Disse Michelet, referindo-se àquele vendaval ético que é o Antero: “Se em Portugal restam quatro ou cinco homens como o autor das Odes Modernas, Portugal continua a ser um grande país vivo.” A desgraça, Fradique, é que, tal como Abraão não encontrou em Sodoma dez justos que aplacassem a ira divina, nem com lanterna à luz do meio-dia o bom do Michelet contaria entre nós metade disso. A que se deve este despautério, esta tontice engalanada, este deserto de ideias num governo tão cheio de cabeças? Acusa-se Lisboa de ser a culpada dos males do país, mas que é Lisboa ou quem é Lisboa? Lisboa é a província à procura de um lugar ao sol. Não há contabilista de Trás-os-Montes que não sonhe com uma carreira na capital, se possível chegando a ministro e talvez bancário. Não há regedor do Algarve que não sofra o desvario de julgar que um dia pode ser presidente do ministério. Nem há poeta de aldeia que não teime em chegar a bardo, de bebedeira e rima, nas tabernas de bairro e nas redacções dos jornais de Lisboa. A única condição é haver quem os promova. O resto é o trivial nestes avatares da vida. Porque, em Lisboa, primeiro se faz o nome e depois a obra.
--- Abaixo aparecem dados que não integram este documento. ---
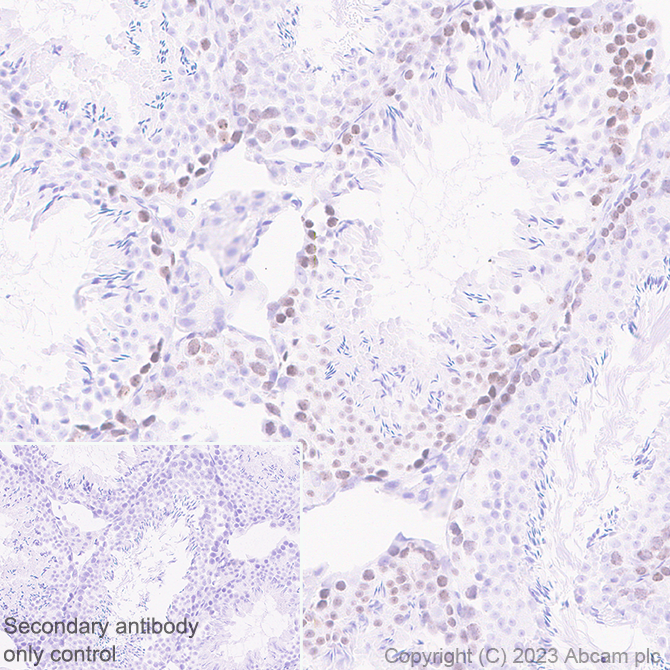 Immunohistochemistry (Formalin/PFA-fixed paraffin-embedded sections) - Anti-SCP3 antibody [EPR27086-101] - BSA and Azide free (ab314314), expandable thumbnail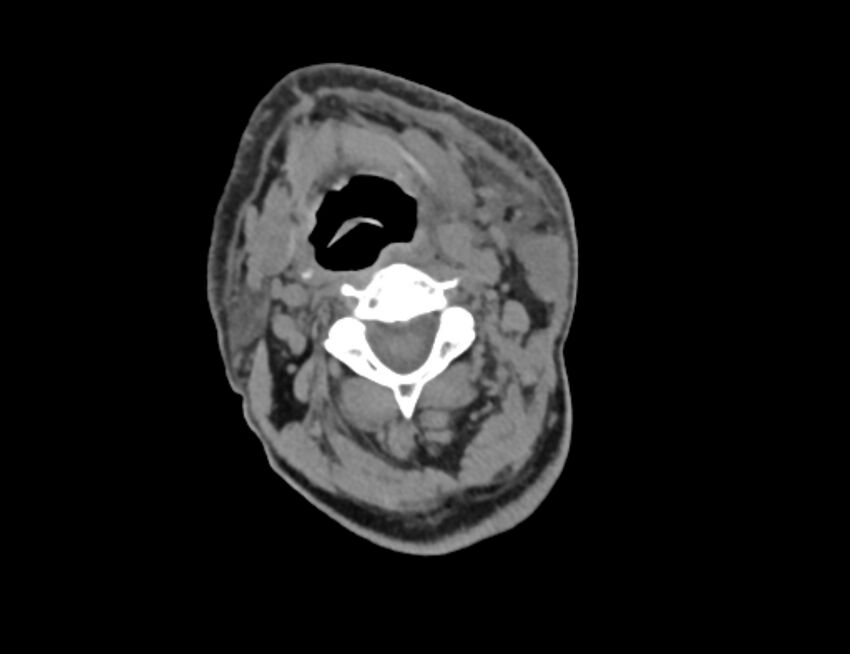 Carotid artery pseudoaneurysm (Radiopaedia 84030-99259 Axial non-contrast 15).jpg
É certo que da maior parte desta gente se poderia dizer o que disseste do comendador Pinho em carta a Madame de Jouarre “É o comendador Pinho um cidadão inútil? Não, certamente. Dum Pinho nunca pode sair ideia ou acto, afirmação ou negação que desmanche a paz do Estado.” O pior, meu caro Fradique, é que há Pinhos desses que sobem à glória efémera de se julgarem o Estado.
43 comentários:
Essa só mesmo do grande Eça.
Abraço.
H.Galante
Daniel, como sabes,já me tinhas dado o privilégio, do conhecimento prévio deste teu texto e quis partilhá-lo com alguns nossos amigos comuns e também com outras pessoas que sei que o iriam apreciar e que até te desconheciam esta faceta. Fi-lo no contexto da partilha habitual de assuntos desta indole,com que por vezes nos presenteamos.
Fi-lo com a seguinte nota, que agora vai servir como comentário ao teu texto.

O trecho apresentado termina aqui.